§ DIRECTIONS
Copy exactly the lines from the start of the material through the line with "แท้งค์น้ำสแตนเลส แอ็ดวานซ์ ADVANCED". Pictures stay out of the copy.

INFORMATION PROVIDED START

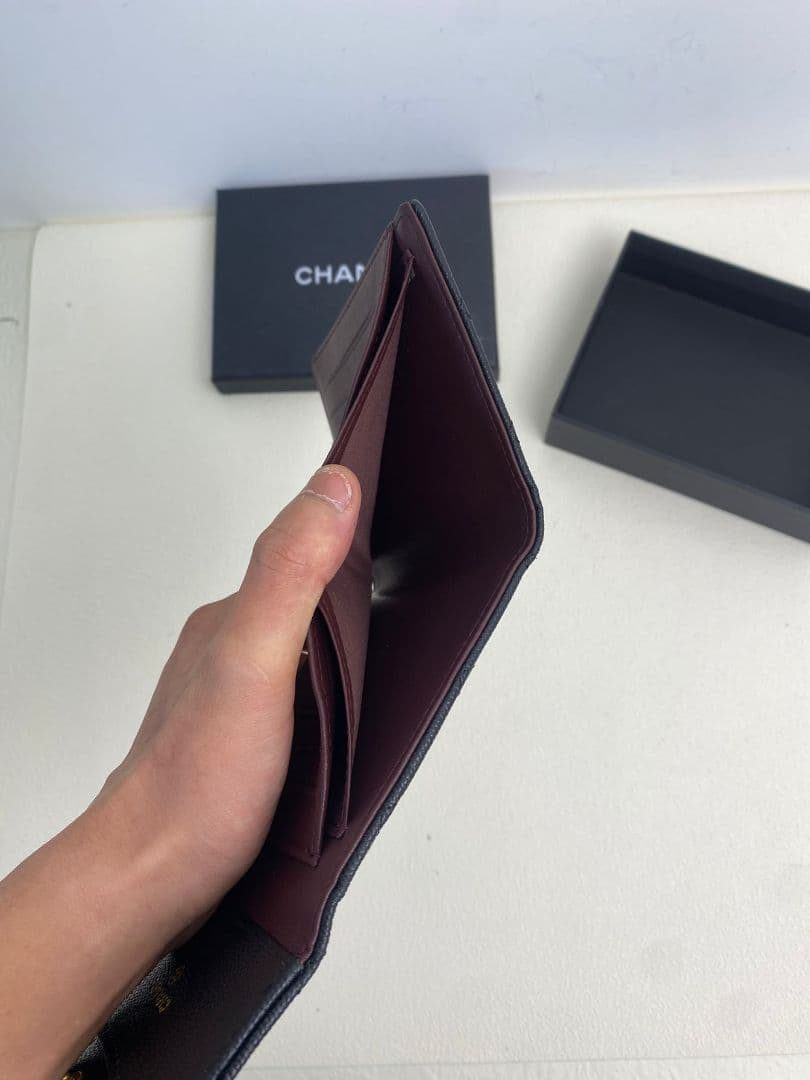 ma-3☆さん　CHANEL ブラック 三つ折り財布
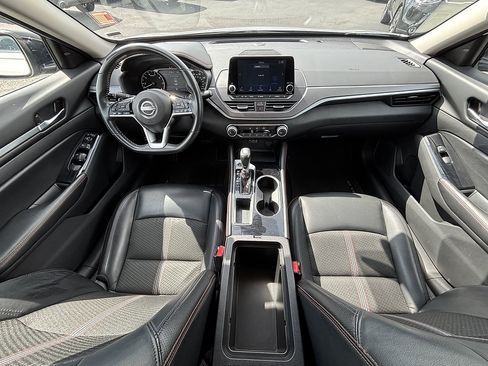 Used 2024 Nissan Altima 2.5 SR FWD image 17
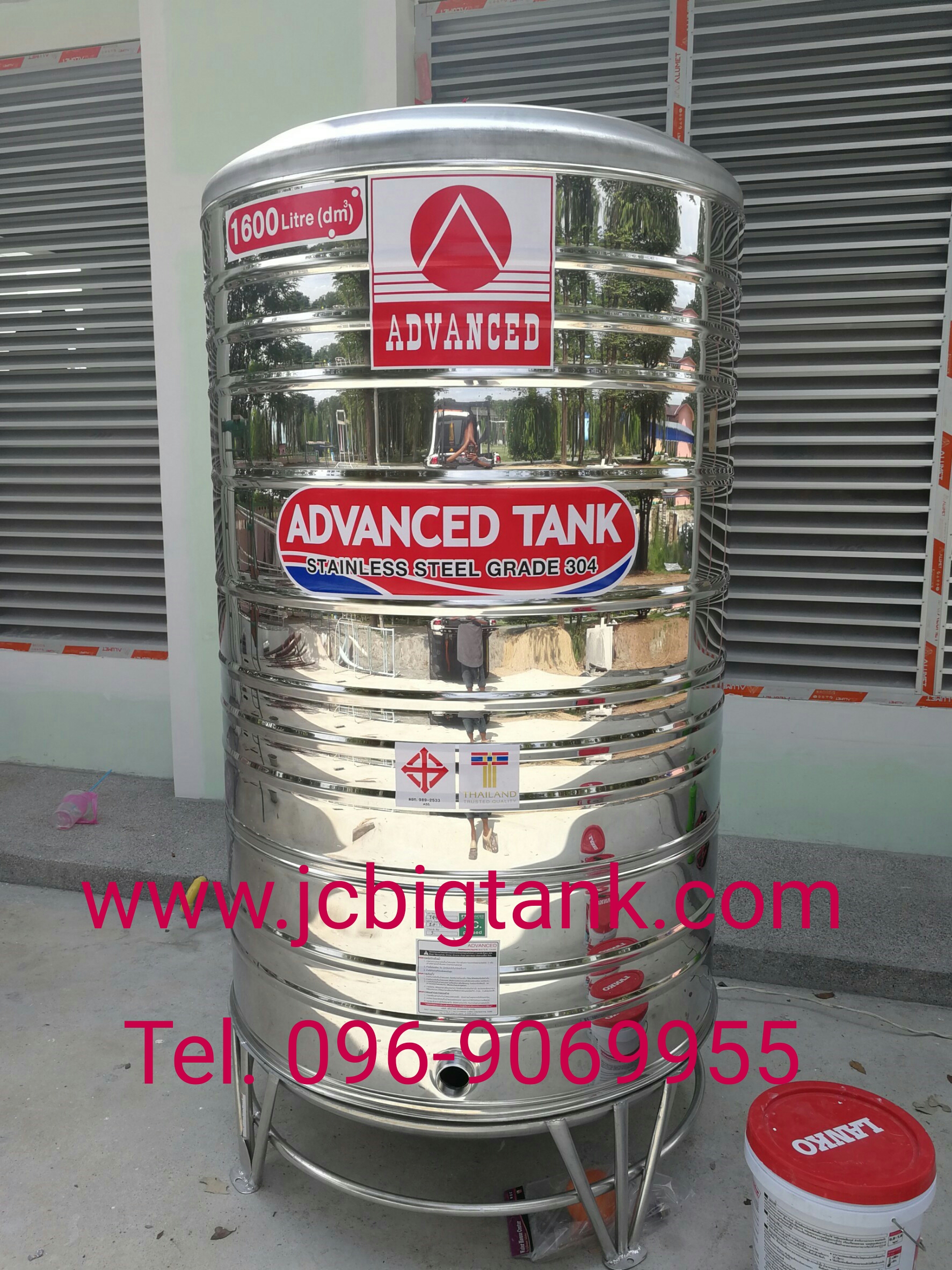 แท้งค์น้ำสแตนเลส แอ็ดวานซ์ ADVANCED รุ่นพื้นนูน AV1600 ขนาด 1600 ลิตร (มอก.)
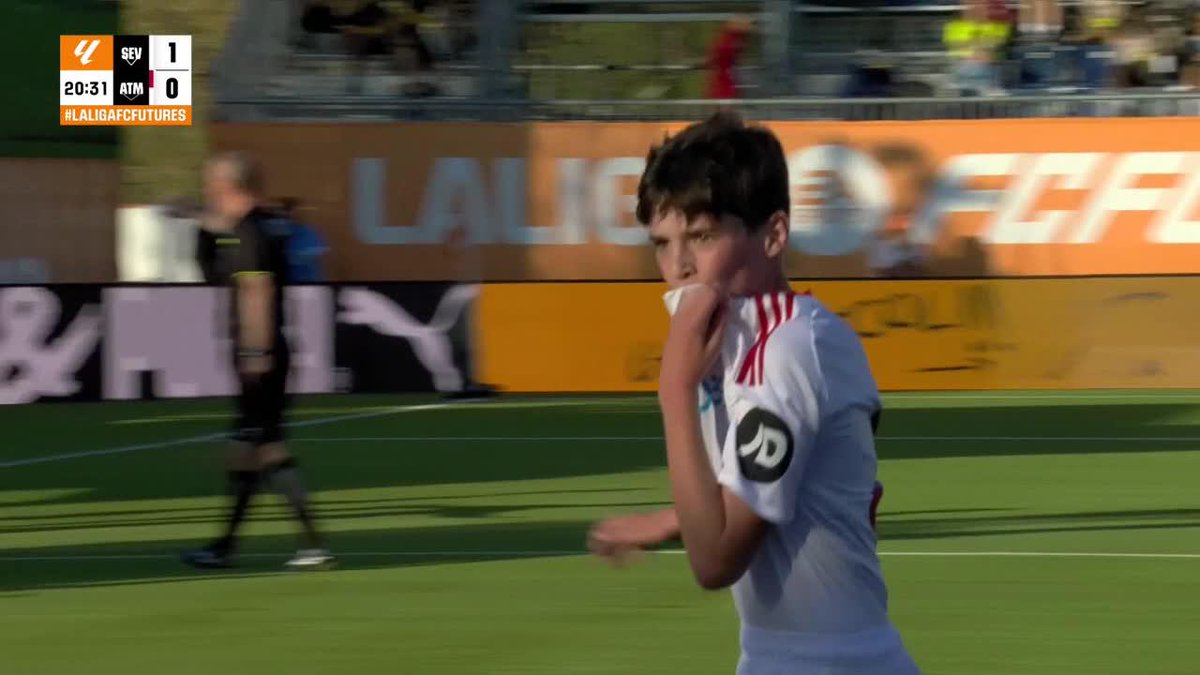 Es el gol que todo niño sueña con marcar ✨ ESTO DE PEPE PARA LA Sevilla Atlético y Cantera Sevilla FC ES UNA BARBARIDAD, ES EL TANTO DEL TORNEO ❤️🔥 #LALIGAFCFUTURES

INFORMATION PROVIDED END

§ OUTPUT
 ma-3☆さん　CHANEL ブラック 三つ折り財布
 Used 2024 Nissan Altima 2.5 SR FWD image 17
 แท้งค์น้ำสแตนเลส แอ็ดวานซ์ ADVANCED รุ่นพื้นนูน AV1600 ขนาด 1600 ลิตร (มอก.)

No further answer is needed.